At Quincy’s suggestion, we adapted a doctrine where when the Earthers fired a mass of rockets, we all fired our antipersonnel weapons, our machineguns, lasers, and grenade launchers, into the path of the swarm, even if it wasn’t aimed at the tank doing the firing. This was in addition to firing our big, X-ray lasers, of course. The doctrine proved to be effective, knocking out as many as eighty-five percent of the incoming missiles before they got close to their targets. The enemy quickly responded by sending out much larger swarms of rockets. Whoever was in charge over there was pretty damn quick. Much quicker than I had ever seen an Earthworm act before.

My Gurkhas and their mechanical ladies were kept busy with their lasers, blinding guided missiles, and frying their little brains out, but with so many coming at us at once, some rockets got through, and more of my men were lost. We soon found that it was safest to cluster up with a few dozen friends, and to have each man take care of his sector first, but to yell for help quickly if he needed it.

I got a message from Abdul saying that he planned to stop his men in and around the station’s counterweights, once they cleared the local ones of enemy guns. Beyond them, where a larger number of enemy guns could target them, the firepower they faced was just too intense for his men to survive. All of our transport receivers that had continued rocketing beyond the weights had been quickly destroyed.

When my troops were a half a kilometer from the station proper, the Earthworms apparently ran out of rockets in our immediate area, so they started using their accelerators.

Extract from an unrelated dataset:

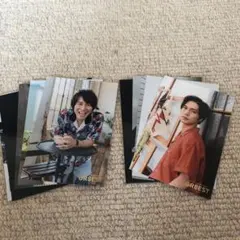 関ジャニ∞ ライブフォト セット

These were located inside the station, and were not originally intended for use as weapons. Further study of their plans showed that when a few kilograms of frozen hydrogen or oxygen is moving at nine-tenths of the speed of light, and then is not transmitted back to the beginning of the accelerator, or out to some fast robot ship many light years away, but is simply permitted to go on its way, it takes the end of the accelerator with it. It then takes out any walls, structural members, and KEF tanks that happen be in that general direction.

They were deliberately damaging their own station in their frenzy to kill us, cutting through quite a few of their stabilizing cables, and losing the counterweights they tethered.

This forced Abdul’s men to attack a wider range of counterweights, to have enough space on them for all of his remaining forces.

From our standpoint, closer to the station, it was like being shot at by monstrous shotguns, like being hit by ancient stands of grape shot moving at hyper velocities.

There was nothing we could do to prevent it. Shooting at one after it had fired was as silly as shooting at a land mine after it had gone off. The only thing you could do to defend yourself against this barrage was to hope that you were someplace else when one of these things let loose. This, while the enemy was trying hard to insure that none of these very expensive weapons was being wasted.

We quickly learned to stay as far apart as possible, and to not bunch up. But by moving farther out, we came within range of more rockets, and more rail guns. There was no winning tactic, but to keep on advancing as fast as possible, and to keep on taking losses.